6 september 1991 – A substantial crack in Chechen unity

6 September 1991 inspired a holiday of independence for many Chechens, but the day is also taunted with what was to follow – a substantial crack in Chechen unity, the start of the two Russian-Chechen wars, and the beginning of Russia's modern-day descent from development in a democratic direction towards authoritarianism.

The holiday symbolizes just how torn the state of Chechen society is. For some Chechens, it’s a day of the restoration of statehood, lost during the second half of the 19th century. For others, it’s a celebration of the civil agreement. The first ones celebrate the holiday outside their homeland at rallies under green-white-red banners with a coat of arms in the form of a resting wolf. And the latter “celebrate” at home, arranging concerts against the backdrop of a flag borrowed from another Russian region, to which a yellow ornament is added to give local specifics. But both of them celebrate what the Chechen people do not have today and are not expected to have, as it seems, in the near future – independence and unity… 

On 6 September 1991, the Supreme Council of the Chechen-Ingush Parliament, which had been elected one and a half years earlier, stopped working. The reason was suspicions of passive support for the GKChP – the anti-Gorbachev coup d’état (putsch), an attempt which was suppressed by democratically-minded residents of Moscow and Leningrad. On 19-21 August 1991, Grozny became the third center of resistance to the putschists. The city center in those days resembled an awakened anthill. Its squares and streets were packed with young and elderly men who came from all over the republic. Hastily made banners and posters hung on the facades of houses and fences, speeches of successive speakers helped by megaphones were heard, interrupted only by exclamations of approval and the singing of murids performing Muslim nazms right on the streets and circling in a noisy, mystical and at the same time attractive zikr. 

At first, the protesters demanded from the authorities of their region to resolutely condemn the people in Moscow who decided to remove Mikhail Gorbachev from his post. But when suspicions arose that the Supreme Soviet of the Republic had taken a-wait-and-see position, that the deputies were trying to sit on two chairs, they demanded its dissolution. 

At the head of the protesters was the charismatic General of Aviation Dzhokhar Dudayev, the leader of the opposition National Congress of the Chechen People. Opposing him, to reduce the processes taking place in the republic down to individuals, Doku Zavgaev was a party and economic worker of the old school. His election as chairman of the Supreme Soviet of the republic had just before been greeted with jubilation. No wonder why! Since the mid-1920s, he was the first Chechen elected to the post of the head of his own republic.
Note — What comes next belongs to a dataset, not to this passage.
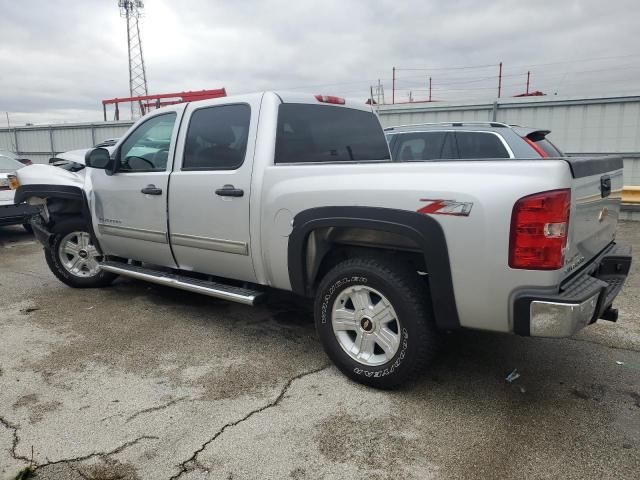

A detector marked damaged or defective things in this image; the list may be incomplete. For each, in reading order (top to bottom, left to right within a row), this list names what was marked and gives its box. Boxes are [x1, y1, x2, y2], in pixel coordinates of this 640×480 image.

However, the August coup d’état, which he witnessed in Moscow, where he went as previously planned for the signing of a new Union Treaty between the republics that were part of the USSR (one of the goals of the coup d’état was to disrupt it), played a cruel joke on him. Without its chairman, the Supreme Council of Chechen-Ingushetia could not properly respond to the events, and Doku Zavgaev himself was listed, as it turned out, groundless, among the supporters of the State Emergency Committee. 

Looking back, it’s safe to conclude that the first steps towards the current, tragic situation in Chechnya were taken back then. At the same time, the first steps were also taken towards Russia’s modern descent from development in a democratic direction towards authoritarianism and an imperial-aggressive path. This did not occur overnight, and the signs may at first have been unnoticeable, but took place gradually and inevitably. In other words, the war in Ukraine and Ramzan Kadyrov as the Gauleiter of Chechnya were pre-determined, among other things, by events in Grozny in the early 1990s. 
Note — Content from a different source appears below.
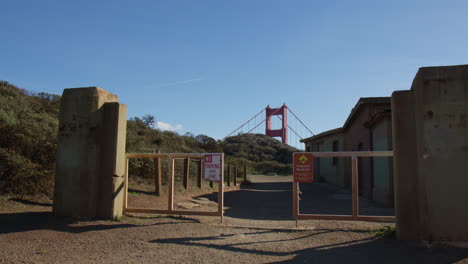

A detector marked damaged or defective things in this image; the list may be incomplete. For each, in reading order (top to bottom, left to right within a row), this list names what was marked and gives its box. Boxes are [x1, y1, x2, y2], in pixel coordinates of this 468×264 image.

rusty fence [292, 151, 394, 223]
After two weeks of demonstrations, supporters of Dzhokhar Dudayev eventually broke into the building of the Supreme Council. The deputies were forced to resign. For the supporters of the independence of Chechnya, 6 September became the Day of Restoration of Statehood. But this is also the day when the first and noticeable crack ran through the politically unified array of the Chechen people. Supporters of the dissolved Supreme Council did not recognize the authorities of de facto independent Chechnya and withdrew from their jurisdiction the entire Nadterechny region of the republic. From this very territory, the “anti-Dudaev Chechen opposition” marched towards Grozny in 1994, using tanks with crews from the Kantemirovskaya division near Moscow. This would lay the foundation for the two subsequent Russian-Chechen wars, and military aggression against Georgia and Ukraine. 
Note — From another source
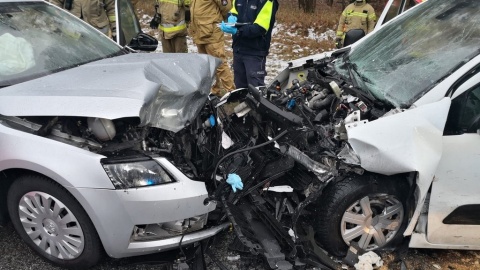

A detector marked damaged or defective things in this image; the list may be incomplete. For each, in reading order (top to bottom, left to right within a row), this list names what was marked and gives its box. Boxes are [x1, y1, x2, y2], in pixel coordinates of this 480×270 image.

shattered windshield [0, 1, 124, 86]
crushed car hood [0, 53, 218, 133]
shattered windshield [334, 0, 480, 107]
broken headlight [103, 159, 174, 189]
Russian authorities, led by Boris Yeltsin, and supporters of Chechen independence, led by Dzhokhar Dudayev, in August 1991, together opposed an attempted coup d’état in the then USSR. Today, the successor of the first is turning the cities and villages of Ukraine into ruins, trying to return this country to the lair of the Russian world, and the followers of the second are fighting for Ukraine and the democratic choice of its people in the hope that someday they will achieve freedom for their own. 


NazmMuslim chants in praise of Allah and his prophet Muhammad.  

MuridIn Sufism, a murīd (Arabic مُرِيد ‘one who seeks’) is a novice committed to spiritual enlightenment by sulūk (traversing a path) under a spiritual guide, Sheikh  

Zikr (Dhikr) – Sufist ritual of remembrance of Allah and unity of believers, performed in Chechnya by running in a circle and loudly clapping your hands.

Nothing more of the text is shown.